Иной раз творческий дар помогал заключенному выжить, не принося ему материальных выгод. Нина Гаген-Торн вспоминает о преподавательнице музыки по классу композиции, специалистке по истории музыки, любительнице Вагнера, которая писала в лагере оперу. Она добровольно выбрала работу ассенизатора – чистила лагерные уборные, и это оставляло ей некую свободу, возможность мыслить и творить[1393]. Алексей Смирнов, один из ведущих защитников свободы печати в современной России, рассказал мне о двух литературоведах, которые, находясь в лагерях, придумали никогда не существовавшего французского поэта XVIII века и писали от его имени стилизованные французские стихи[1394]. Герлинг-Грудзинский с благодарностью вспоминал “уроки” литературы, которые давал ему в лагере один бывший профессор[1395].

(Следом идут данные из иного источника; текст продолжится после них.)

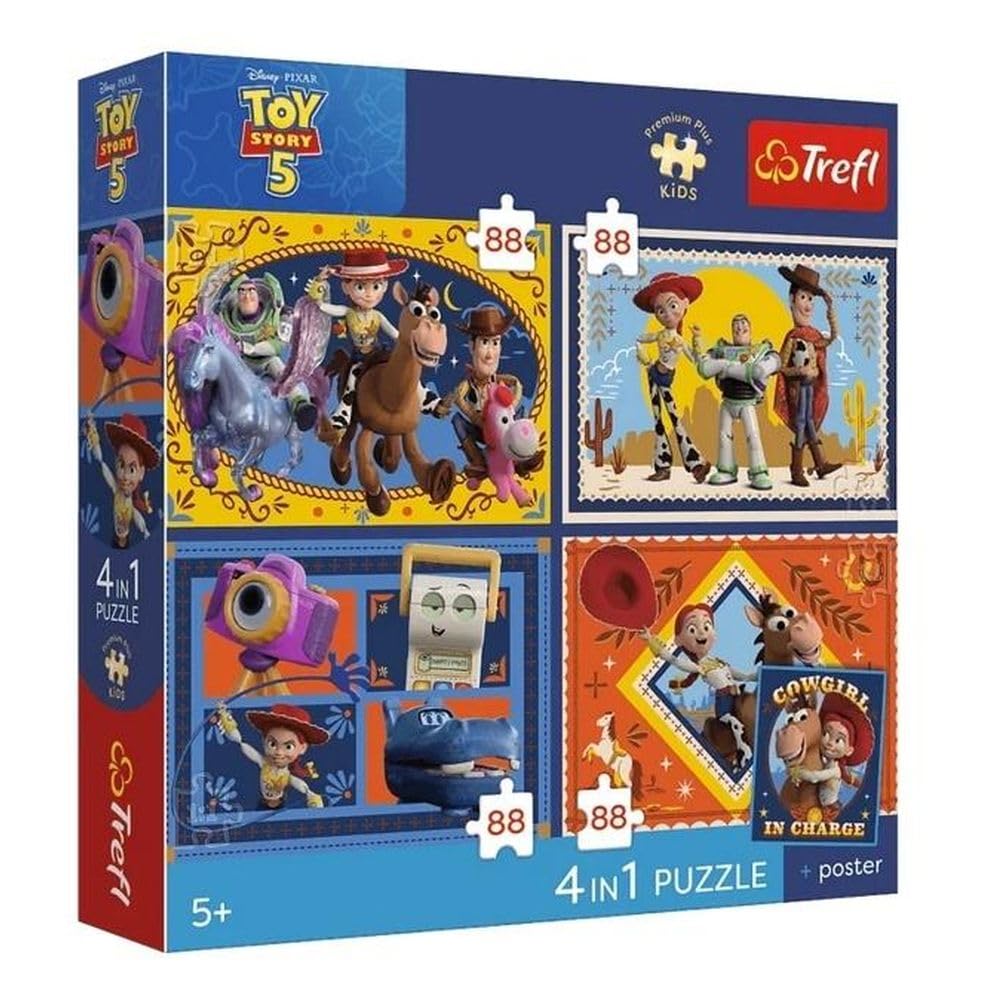 Trefl - Puzzle 4x88 Elements, Toy Story 5, 5+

Ирэн Аргинской помогла ее эстетическая восприимчивость. Даже спустя много лет она с восторгом говорила об “умопомрачительной красоте” Севера, о его просторах, о восходах и закатах. Она рассказала, как ее мать, совершив долгое и трудное путешествие, приехала к ней в лагерь, но увидеться с дочерью не смогла: Ирэн только что отправили в больницу. Свидание не состоялось, но мать до самой смерти вспоминала о красоте тайги[1396].
Впрочем, красота не на всех действовала одинаково. Окруженная той же тайгой, тем же воздухом, теми же просторами Майя Улановская не смогла оценить сибирскую природу: “Я на нее глядеть не хотела. И почти против воли запомнились грандиозные восходы и закаты, мощные сосны и лиственницы, яркие цветы – почему-то без запаха”[1397].

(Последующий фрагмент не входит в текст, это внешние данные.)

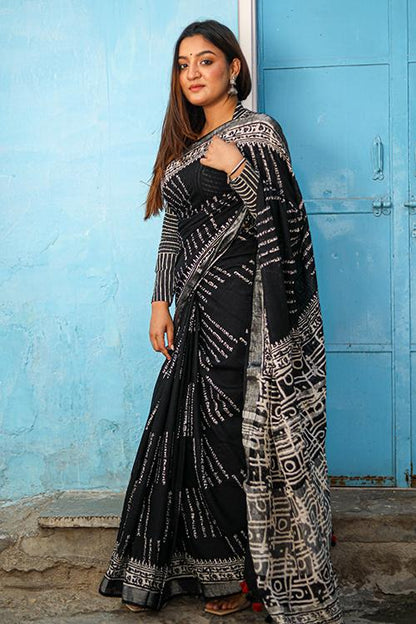 Life in lines: CHUNA PATRI Handblock Printed Chanderi Silk Saree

Это замечание так меня поразило, что, когда я сама в разгар лета приехала на Крайний Север, я по-особенному взглянула на широкие реки, на бескрайние леса, на лунный ландшафт арктической тундры. Около угольной шахты, где раньше был один из воркутинских лагпунктов, я даже сорвала несколько северных цветов – хотела проверить, есть ли у них запах. Есть. Возможно, Улановская просто не желала его ощутить.
Глава 18
Бунт и побег
Если бы я услышал лай упряжных собак, означающий, что началось патрулирование, мне, думаю, физически стало бы плохо. Мы пробежали несколько шагов к наружному заграждению. <…>
Шума мы, скорее всего, производили немного, но каждый звук казался оглушительным. <…> Последним отчаянным рывком мы влезли на внешний забор из колючей проволоки, спрыгнули, вскочили на ноги, огляделись, затаив дыхание, и дружно бросились бежать.

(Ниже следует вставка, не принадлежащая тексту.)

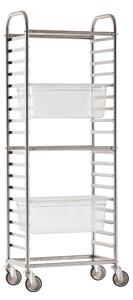 Carrello Gn 1/1 18 Teglie Inox, peso 14,5 kg 38,0 cm x 62,0 cm - h 164,0 cm 18 guide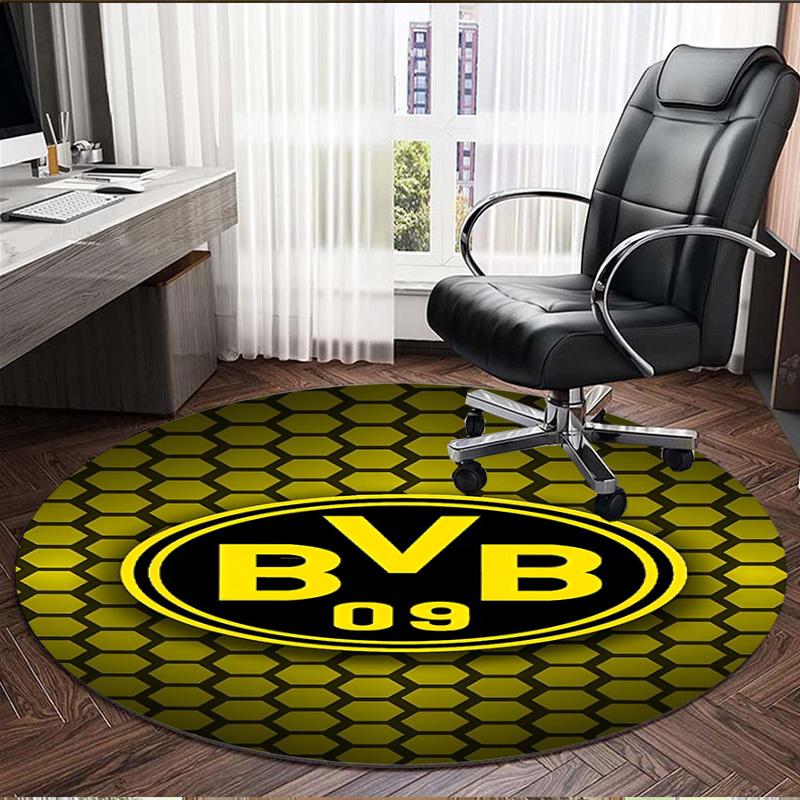 Borussia Dortmund Print Round Rug, Washable Floor Carpet, For Entryway Dorm Laundry Room Office Study, Home Decor Birthday Christmas Gift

Славомир Равич.Долгий путьСреди многих мифов о ГУЛАГе одним из главных представляется миф о невозможности побега. Побеги из сталинских лагерей, пишет Солженицын, “были затеями великанов, но великанов обреченных”[1398]. Анатолий Жигулин утверждает: “Побег с Колымы невозможен”[1399]. Варлам Шаламов с характерной для него суровостью пишет, что почти всегда беглецы – это “новички-первогодки, в чьем сердце еще не убита воля, самолюбие и чей рассудок еще не разобрался в условиях Крайнего Севера”[1400]. Бывший заместитель начальника Норильского гарнизона Николай Абакумов категорически отверг возможность успешного побега: “Из лагерей некоторые убегали, но до материка не добрался никто”[1401].